Q. I've started a small business and things seem to be going well. My accountant gives me P&Ls each month, but I don't really understand how to read them. Do you have any tips?
A. All P&Ls are based on a very simple formula, Sales minus Costs equals Profit. It really is that simple. Everything else is a matter of breaking out sales or cost into more detail and adding subtotals. Sales are typically shown at the top of the P&L. Costs are shown below Sales and Profit is at the bottom. You may see a number of subtotals as you look down the column, but it is still Sales minus Costs equal Profit.
Unfortunately, we sometimes use different words for Sales, Costs and Profits. This can make accounting seem more difficult than it really is. For example, Sales can also be called Revenue or Income. Costs may be called Expenses and Profits may be referred to as Net Income. In fact, the P&L itself (technically a Profit and Loss Statement) can also be called an Income Statement. All of these AKAs can be confusing, but don’t let it throw you. A rose by any other name…
Your company’s Sales may be broken into several different sources. For example, the Sales of a restaurant may come from customers who dine-in, customers who take-out, and from catering. Such a business may choose to break Sales into those three pieces. Typically, these three components would be added together in a line called Total Sales.
Similarly, Costs are usually broken into various components. For example, you may see Material Costs, Labor Costs and Overhead broken out separately. There are an infinite number of ways to break out costs, but once you get below the Total Sales line everything else you see is a cost, broken out in one way or another.
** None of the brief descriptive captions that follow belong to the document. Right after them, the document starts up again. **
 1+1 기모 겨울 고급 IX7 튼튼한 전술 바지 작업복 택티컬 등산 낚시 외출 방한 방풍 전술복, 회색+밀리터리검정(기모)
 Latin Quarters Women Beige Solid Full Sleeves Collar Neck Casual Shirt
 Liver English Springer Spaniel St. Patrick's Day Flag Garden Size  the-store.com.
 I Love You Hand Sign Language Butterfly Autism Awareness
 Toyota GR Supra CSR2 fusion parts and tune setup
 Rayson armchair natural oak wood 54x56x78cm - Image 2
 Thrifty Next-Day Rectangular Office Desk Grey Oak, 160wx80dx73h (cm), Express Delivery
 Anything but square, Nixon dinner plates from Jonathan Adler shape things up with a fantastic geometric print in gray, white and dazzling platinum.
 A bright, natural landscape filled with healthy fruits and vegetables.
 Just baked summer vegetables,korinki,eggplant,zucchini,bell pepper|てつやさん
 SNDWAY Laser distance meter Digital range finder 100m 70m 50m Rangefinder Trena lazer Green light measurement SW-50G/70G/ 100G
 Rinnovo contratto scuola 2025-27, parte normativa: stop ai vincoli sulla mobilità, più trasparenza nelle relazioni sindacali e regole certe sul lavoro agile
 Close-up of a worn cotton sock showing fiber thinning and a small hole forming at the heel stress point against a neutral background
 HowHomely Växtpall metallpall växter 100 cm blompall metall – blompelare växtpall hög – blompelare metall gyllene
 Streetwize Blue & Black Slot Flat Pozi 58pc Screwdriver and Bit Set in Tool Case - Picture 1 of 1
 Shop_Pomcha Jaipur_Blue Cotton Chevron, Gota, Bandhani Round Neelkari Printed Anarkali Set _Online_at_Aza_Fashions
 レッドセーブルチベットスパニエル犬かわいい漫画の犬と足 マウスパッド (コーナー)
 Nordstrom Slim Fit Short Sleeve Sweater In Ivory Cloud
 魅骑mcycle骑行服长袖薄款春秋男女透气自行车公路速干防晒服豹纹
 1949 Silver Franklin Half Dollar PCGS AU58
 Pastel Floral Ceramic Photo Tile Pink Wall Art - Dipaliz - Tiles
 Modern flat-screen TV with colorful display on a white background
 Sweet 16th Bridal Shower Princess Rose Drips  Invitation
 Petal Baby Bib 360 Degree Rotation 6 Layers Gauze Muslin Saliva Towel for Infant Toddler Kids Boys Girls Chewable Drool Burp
One of the most useful ways to subdivide costs is into those costs that are directly associated with delivering your product or service and those that are not. Consider a company that makes and sells different types of widgets. It will have the cost of the components used to make the widgets, the cost of the workers who assemble the widgets, and the costs of the production facility. These costs are referred to as Cost of Goods Sold (COGS) because they can be tied directly to the production of widgets.
In a service business, this is called the Cost of Service (COS). For example, a lawn maintenance service would include the cost of the employees who do the work, fuel costs, and the cost of other supplies such as fertilizer and grass seed in its Cost of Service.
Sales minus COGS is known as Gross Profit (or Gross Margin). This is the money the business earns after the cost of delivering its product and/or services. It is also the money needed to cover the other costs associated with running the business and still generate a profit.
Other costs of the business are not associated directly with the production of widgets. Such costs might be the cost of the people who sell the widgets, the cost of the accountants who produce the P&Ls, and even the President’s compensation (assuming he/she isn’t making the widgets). These costs are often referred to as Selling, General and Administrative costs (S,G&A). With this addition, the P&L is now broken down into two parts Sales minus COGS equals Gross Profit, and Gross Profit minus Selling, General & Administrative (S,G&A, also known as overhead) equals Profit.
P&Ls are really quite straight forward (Sales minus Costs equals Profit). However, they can seem complex for two reasons: (1) the Sales and Costs can be broken down into many subcomponents with subtotals added, and (2) an item on the P&L can often be called by more than one name (e.g., Sales can also be called Revenue). Understanding P&Ls is essential to being able to successfully run your business. The tips above will help.